Maura Marino, chief executive of Education Forward DC, a nonprofit helping to manage the DC Education Equity Fund, said the needs of families change daily. The fund raised $2 million for student technology in the spring, distributing around half of it directly to public and charter schools. It has reserved $600,000 to help fill gaps that may emerge after the school year begins.

“People are new to the schools. There’s questions about replacement devices. Kids may have moved. They have Internet in one location, not in the new one,” Marino said. “These needs are in flux. . . . We have to just keep asking daily.”

Charter schools are facing the same challenges as the school system, but they have smaller student bodies and can often more easily address some of their technology problems. Charter school leaders said in interviews that during the pandemic, they have gone door-to-door with laptops and hotspots and had parents re-enroll their children in their front yards.

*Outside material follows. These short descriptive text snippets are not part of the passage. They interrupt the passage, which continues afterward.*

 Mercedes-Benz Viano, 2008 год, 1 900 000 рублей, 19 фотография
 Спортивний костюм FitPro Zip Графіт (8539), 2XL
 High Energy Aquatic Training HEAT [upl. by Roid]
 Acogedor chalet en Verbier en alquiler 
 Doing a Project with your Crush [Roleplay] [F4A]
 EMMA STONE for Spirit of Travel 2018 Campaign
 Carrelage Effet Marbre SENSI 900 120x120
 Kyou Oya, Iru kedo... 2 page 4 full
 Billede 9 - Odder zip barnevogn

KIPP DC, the city’s largest charter network, is promising every student a Chromebook, plus a device for each child at school once buildings reopen. At Thurgood Marshall Academy Public Charter School in Southeast, school leaders are distributing laptops and, for families who cannot afford to pay for Internet, offering to put their bills on the school’s tab. IDEA Public Charter School in Northeast used a school shuttle to deliver devices to students’ homes.

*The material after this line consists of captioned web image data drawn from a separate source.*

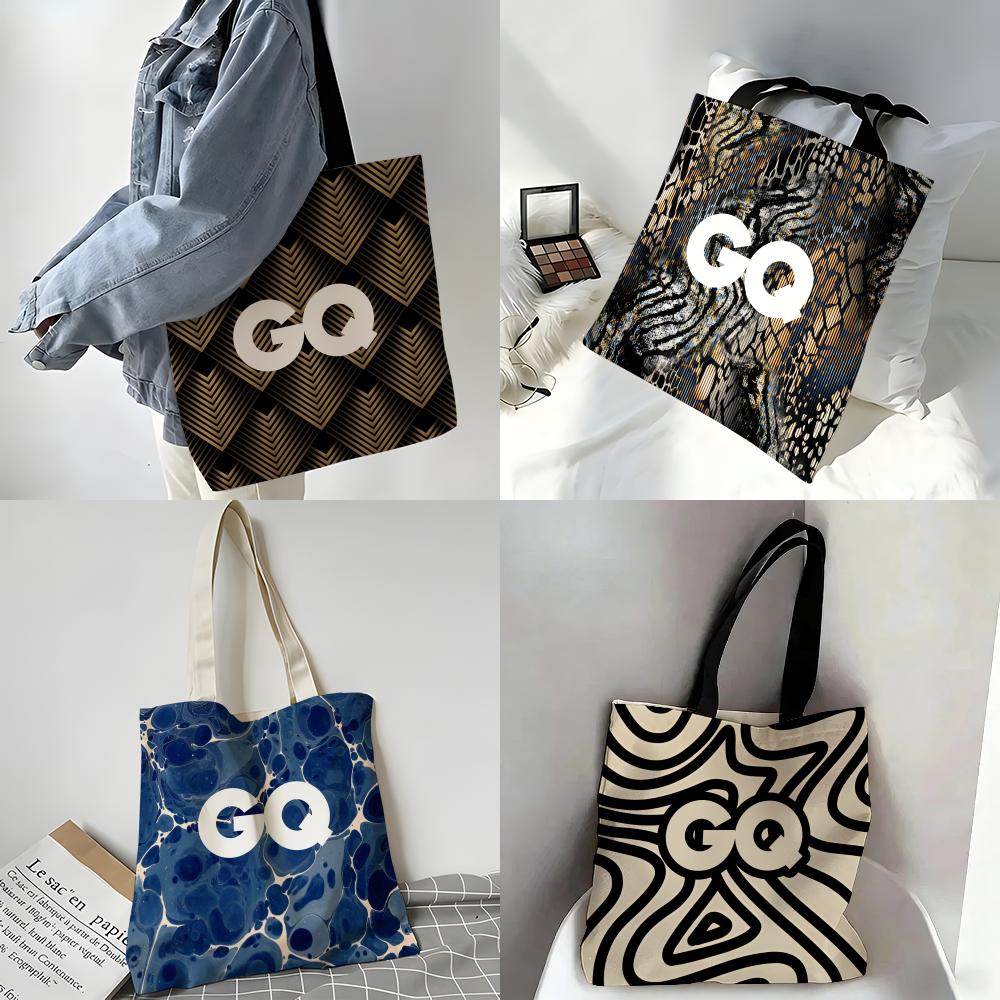 Storage Bags Canvas Tote Bag - - Men'S Fashion Gq recension och pris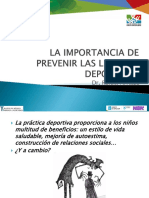 Programa Formativo Prev Les Arriaza PDF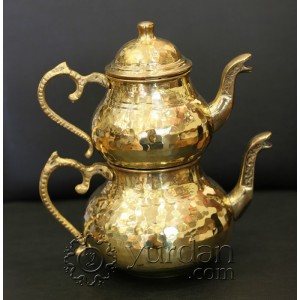 Turkish Copper Teapots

Shay Feggins didn’t need any technology in the spring. She had multiple laptops for her two children at Roosevelt High in Northwest to use. But the laptops were old and, after months of heavy use, they broke down. So when the school asked whether families needed devices, she didn’t hesitate.

“They offered it,” she said, “and I came quickly to pick it up.”

Technology only the first step

Even with all the right technology, it’s not guaranteed that a student will participate in remote learning. In the spring, teachers said in interviews, just a third of their students regularly attended classes. Some teachers fear that with more parents back at work, it could be a bigger struggle for students to log on in the fall. They are optimistic that a new attendance requirement will boost participation.

But parents and students need to know how to use the technology before they can participate.

“The reality is that not everyone is going to be able to log on every single day for every single class,” said Nina Graham, a teacher at Ballou High in Southeast.

Signe Nelson, a teacher at Whittier Education Campus in Northwest, said at a community meeting that she and two other teachers taught 65 parents how to use the computers and programs for distance learning, spending a few hours on the phone with each parent.

D.C. Public Schools has reduced the number of online platforms and hosted a virtual session last semester to teach families how to operate the Microsoft platform that students use in remote classrooms.

Carlos Rosario International Public Charter, a school serving adults learning English — many of whom have children in the school system — is teaching its students how to help their children log on to their courses.

“Simply getting technology into their hands is only the first step,” Nelson said. “We found that very few [English as a Second Language] students had enough familiarity with the technology to log on to the platforms themselves.”

Until school starts, until the technology is distributed, it will be unclear whether the city will be able to meet families’ needs.

Tasha McKay, a mother of three, lost her job at the city’s soccer stadium when the pandemic hit, and she didn’t have Internet access. Her daughter’s middle school provided her with a laptop, but the family had only a cellphone as a hotspot. She heard about an affordable Comcast home Internet program that education leaders have promoted, but she worries that prices will eventually go up and that she will be faced with another bill she can’t afford.

She also didn’t know about the city survey on technology but has heard that the schools may be better positioned to help in the fall. So she’s waiting.

“I want them all to be prepared,” McKay said. “We’ll see how the transition goes. They are missing out on a lot.”